血圧が目標範囲内に維持されていた時間の割合TTR(Time in Target Range)の重要性

血圧

はじめに

高血圧診療において、私たちは長い間「点」の評価、あるいはせいぜい「平均」という「面」の評価に頼ってきました。しかし、診察室での一過性の血圧や、数日間の平均値だけでは、患者さんの脳内で刻一刻と進行する微細な損傷を完全に見抜くことはできません。2026年に発表されたHisamatsu Tらによる研究は、IoT技術を駆使して「血圧が目標範囲内に維持されていた時間の割合」、すなわちTTR(Time in Target Range)という新たな指標を導入し、それが脳血管健康にいかに直結しているかを鮮烈に描き出しました。

研究プロトコール概要:PECO

本研究の構造を整理すると、以下のようになります。

対象(P):日本、島根県益田市の地域住民306名(平均年齢56.4歳、女性56.9%)。服薬群69名、非服薬群237名。

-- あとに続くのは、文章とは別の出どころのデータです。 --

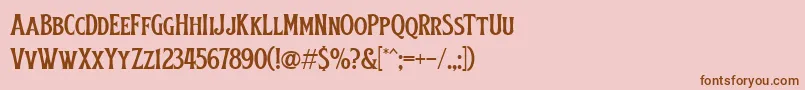 Obsypac Font – Brown Fonts on Pink Background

曝露(E):1年間にわたる高頻度のIoTベース家庭血圧測定に基づく目標範囲内時間(TTR)。
本研究で使用されたIoTデバイスは、オムロンヘルスケア社製の自動血圧計であるOMRON HEM-9700Tです 。このデバイスは家庭での血圧自己測定に使用され、測定されたデータはインターネットを介して自動的に送信され、クラウドサーバーに安全に保存される仕組みになっています 。

比較(C):TTRの高低による比較、および降圧薬服薬の有無による層別化。

結果(O):MRIで検出される脳病変(ラクナ梗塞、白質高信号、微小出血、頭蓋内動脈狭窄)。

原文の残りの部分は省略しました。